DICAS PARA HIGIENE DO SONO
Há um conjunto de práticas que, se adotadas antes de dormir, podem ajudar a facilitar a chegada do sono e melhorar a qualidade dele. É a chamada higiene do sono. Dependendo da realidade de cada pessoa, talvez nem todas as “regras” sejam viáveis para a rotina, mas, no geral, quanto mais recomendações forem incorporadas, mais benefício são proporcionados.
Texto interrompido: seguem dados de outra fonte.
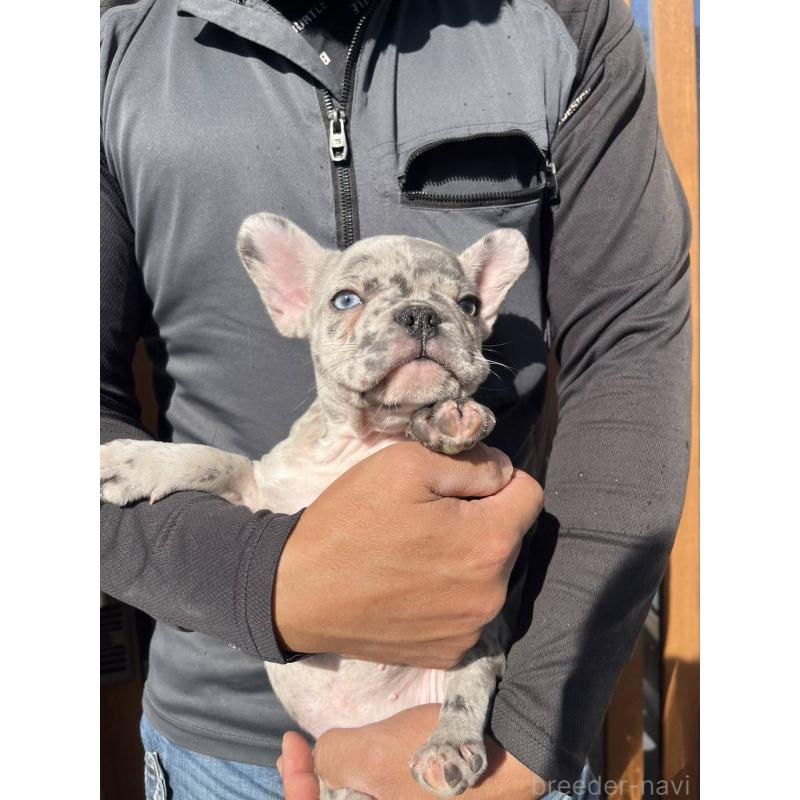 販売中の愛媛県のフレンチブルドッグ-425025の13枚目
As principais orientações do Instituto do Sono são:
- Ter horários bem definidos para dormir e acordar, que devem ser seguidos mesmo em feriados e aos fins de semana;
- Não consumir bebidas estimulantes — como cafeína, chocolate, bebidas alcoólicas, chá-preto, chá-verde e refrigerantes — pelo menos seis horas antes de dormir;
- Não comer alimentos muito pesados no jantar e evitar estimulantes como açúcares ou comidas picantes;
- Praticar exercícios físicos com regularidade, respeitando uma janela de pelo menos quatro horas antes do horário de ir dormir;
- Ficar longe de telas — como celulares, televisão e tablets — na cama pelo menos uma hora antes de dormir;
- Evitar cochilos durante o dia. Se não for possível, impedir que eles se estendam por mais de 45 minutos ou que aconteçam ao final do dia;
- Manter o quarto escuro, com luz indireta e diminuta;
- Controlar a temperatura do quarto, dando preferência por aquelas mais amenas;
- Usar pijamas confortáveis e adequados para o clima;
- Manter o ambiente silencioso e tranquilo;
- Não usar a cama ou o dormitório para outras atividades não relacionadas ao dormir, como trabalhar ou estudar.